• TASK INPUT:
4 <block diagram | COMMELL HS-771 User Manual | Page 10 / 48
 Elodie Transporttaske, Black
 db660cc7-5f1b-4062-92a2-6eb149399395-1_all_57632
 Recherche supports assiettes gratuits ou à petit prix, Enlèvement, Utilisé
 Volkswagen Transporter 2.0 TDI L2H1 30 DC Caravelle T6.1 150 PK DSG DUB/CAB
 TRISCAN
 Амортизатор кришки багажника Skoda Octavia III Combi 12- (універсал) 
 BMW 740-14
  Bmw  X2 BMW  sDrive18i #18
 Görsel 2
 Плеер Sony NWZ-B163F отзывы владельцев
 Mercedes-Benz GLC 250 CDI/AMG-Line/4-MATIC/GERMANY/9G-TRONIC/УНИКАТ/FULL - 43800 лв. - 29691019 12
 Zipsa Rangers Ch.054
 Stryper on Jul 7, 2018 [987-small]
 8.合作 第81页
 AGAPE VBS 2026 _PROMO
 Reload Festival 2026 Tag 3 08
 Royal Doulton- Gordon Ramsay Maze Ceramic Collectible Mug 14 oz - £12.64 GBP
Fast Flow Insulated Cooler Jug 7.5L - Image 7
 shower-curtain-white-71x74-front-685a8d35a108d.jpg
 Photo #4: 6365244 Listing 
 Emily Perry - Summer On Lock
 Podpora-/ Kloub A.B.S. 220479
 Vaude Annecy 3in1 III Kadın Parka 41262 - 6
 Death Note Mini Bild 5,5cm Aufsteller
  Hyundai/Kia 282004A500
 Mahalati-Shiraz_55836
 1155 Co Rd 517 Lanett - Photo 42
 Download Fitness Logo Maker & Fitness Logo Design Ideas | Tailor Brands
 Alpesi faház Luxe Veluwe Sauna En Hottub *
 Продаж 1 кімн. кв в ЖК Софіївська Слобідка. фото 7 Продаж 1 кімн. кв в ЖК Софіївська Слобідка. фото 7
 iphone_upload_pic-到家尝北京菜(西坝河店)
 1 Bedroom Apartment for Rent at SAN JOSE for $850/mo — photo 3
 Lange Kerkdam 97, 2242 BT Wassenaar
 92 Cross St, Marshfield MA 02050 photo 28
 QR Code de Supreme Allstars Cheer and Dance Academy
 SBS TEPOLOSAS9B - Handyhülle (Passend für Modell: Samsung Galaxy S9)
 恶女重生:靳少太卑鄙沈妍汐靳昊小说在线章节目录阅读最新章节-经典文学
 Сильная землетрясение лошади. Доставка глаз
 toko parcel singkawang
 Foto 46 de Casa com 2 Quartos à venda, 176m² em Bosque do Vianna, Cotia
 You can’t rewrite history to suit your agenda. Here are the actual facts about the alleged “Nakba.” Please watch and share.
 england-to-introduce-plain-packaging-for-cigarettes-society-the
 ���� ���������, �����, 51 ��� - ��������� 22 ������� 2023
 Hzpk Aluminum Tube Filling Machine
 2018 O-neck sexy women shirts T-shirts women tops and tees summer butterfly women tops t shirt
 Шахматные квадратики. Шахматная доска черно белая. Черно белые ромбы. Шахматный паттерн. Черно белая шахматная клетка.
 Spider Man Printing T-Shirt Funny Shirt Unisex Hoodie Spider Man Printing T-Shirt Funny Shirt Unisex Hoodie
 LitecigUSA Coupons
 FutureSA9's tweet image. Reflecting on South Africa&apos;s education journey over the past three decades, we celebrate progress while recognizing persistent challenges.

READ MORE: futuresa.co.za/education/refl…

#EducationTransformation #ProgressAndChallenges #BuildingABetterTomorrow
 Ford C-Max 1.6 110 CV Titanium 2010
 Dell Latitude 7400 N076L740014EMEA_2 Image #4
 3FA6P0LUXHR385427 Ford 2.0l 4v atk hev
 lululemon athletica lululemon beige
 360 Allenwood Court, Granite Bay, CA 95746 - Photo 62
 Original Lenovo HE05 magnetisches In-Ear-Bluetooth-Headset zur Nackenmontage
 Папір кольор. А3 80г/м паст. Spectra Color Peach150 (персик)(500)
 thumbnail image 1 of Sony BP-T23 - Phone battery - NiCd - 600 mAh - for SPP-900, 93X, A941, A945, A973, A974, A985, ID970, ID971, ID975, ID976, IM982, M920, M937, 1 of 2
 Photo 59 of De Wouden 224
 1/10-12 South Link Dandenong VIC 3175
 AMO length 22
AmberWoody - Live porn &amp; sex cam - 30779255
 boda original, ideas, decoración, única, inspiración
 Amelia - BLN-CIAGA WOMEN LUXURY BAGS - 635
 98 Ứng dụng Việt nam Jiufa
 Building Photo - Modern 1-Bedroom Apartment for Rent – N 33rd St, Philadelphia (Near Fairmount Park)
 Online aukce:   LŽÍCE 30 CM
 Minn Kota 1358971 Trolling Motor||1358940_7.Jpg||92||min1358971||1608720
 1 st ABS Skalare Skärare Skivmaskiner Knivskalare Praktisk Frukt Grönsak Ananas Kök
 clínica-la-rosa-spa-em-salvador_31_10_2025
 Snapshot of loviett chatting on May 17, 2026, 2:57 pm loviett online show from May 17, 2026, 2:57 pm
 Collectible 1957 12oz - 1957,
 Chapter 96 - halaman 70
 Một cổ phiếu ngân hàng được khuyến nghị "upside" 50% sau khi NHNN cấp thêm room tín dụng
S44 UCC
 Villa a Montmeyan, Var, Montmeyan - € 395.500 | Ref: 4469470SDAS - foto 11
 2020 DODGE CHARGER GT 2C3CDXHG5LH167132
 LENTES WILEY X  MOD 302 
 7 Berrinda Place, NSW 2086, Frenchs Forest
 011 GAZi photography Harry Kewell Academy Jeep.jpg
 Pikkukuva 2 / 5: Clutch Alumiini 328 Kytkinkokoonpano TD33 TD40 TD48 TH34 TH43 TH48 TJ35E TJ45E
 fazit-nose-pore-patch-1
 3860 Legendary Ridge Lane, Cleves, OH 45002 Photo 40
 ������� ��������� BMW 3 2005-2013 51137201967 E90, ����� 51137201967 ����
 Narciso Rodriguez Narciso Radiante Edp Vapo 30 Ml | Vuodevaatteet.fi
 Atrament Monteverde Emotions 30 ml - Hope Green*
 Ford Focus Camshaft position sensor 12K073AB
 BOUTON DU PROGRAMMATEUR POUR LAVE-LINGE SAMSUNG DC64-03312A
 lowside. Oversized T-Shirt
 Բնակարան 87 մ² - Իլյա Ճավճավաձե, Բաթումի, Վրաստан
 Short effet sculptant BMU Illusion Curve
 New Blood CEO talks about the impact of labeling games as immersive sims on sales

• TASK INSTRUCTIONS:
Could you restate word for word the lines above from the one containing "011 GAZi photography" through the one containing "Atrament Monteverde Emotions", both included, and nothing else?

• TASK ANSWER:
 011 GAZi photography Harry Kewell Academy Jeep.jpg
 Pikkukuva 2 / 5: Clutch Alumiini 328 Kytkinkokoonpano TD33 TD40 TD48 TH34 TH43 TH48 TJ35E TJ45E
 fazit-nose-pore-patch-1
 3860 Legendary Ridge Lane, Cleves, OH 45002 Photo 40
 ������� ��������� BMW 3 2005-2013 51137201967 E90, ����� 51137201967 ����
 Narciso Rodriguez Narciso Radiante Edp Vapo 30 Ml | Vuodevaatteet.fi
 Atrament Monteverde Emotions 30 ml - Hope Green*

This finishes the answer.